On Wed, 19 May 2010, Mathieu Desnoyers wrote:
>
> Good point. This discard flag might do the trick and let us keep things simple.
> The major concern here is to keep the page cache disturbance relatively low.
> Which of new page allocation or stealing back the page has the lowest overhead
> would have to be determined with benchmarks.

We could probably make it easier somehow to do the writeback and discard
thing, but I have had _very_ good experiences with even a rather trivial
file writer that basically used (iirc) 8MB windows, and the logic was very
trivial:

- before writing a new 8M window, do "start writeback"
(SYNC_FILE_RANGE_WRITE) on the previous window, and do
a wait (SYNC_FILE_RANGE_WAIT_AFTER) on the window before that.
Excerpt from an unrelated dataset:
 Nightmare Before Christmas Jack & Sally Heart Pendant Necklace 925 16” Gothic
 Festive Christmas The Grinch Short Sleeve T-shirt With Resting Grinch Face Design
in fact, in its simplest form, you can do it like this (this is from my
"overwrite disk images" program that I use on old disks):

for (index = 0; index < max_index ;index++) {
if (write(fd, buffer, BUFSIZE) != BUFSIZE)
break;
/* This won't block, but will start writeout asynchronously */
sync_file_range(fd, index*BUFSIZE, BUFSIZE, SYNC_FILE_RANGE_WRITE);
/* This does a blocking write-and-wait on any old ranges */
if (index)
sync_file_range(fd, (index-1)*BUFSIZE, BUFSIZE, SYNC_FILE_RANGE_WAIT_BEFORE|SYNC_FILE_RANGE_WRITE|SYNC_FILE_RANGE_WAIT_AFTER);
}

and even if you don't actually do a discard (maybe we should add a
SYNC_FILE_RANGE_DISCARD bit, right now you'd need to do a separate
fadvise(FADV_DONTNEED) to throw it out) the system behavior is pretty
nice, because the heavy writer gets good IO performance _and_ leaves only
easy-to-free pages around after itself.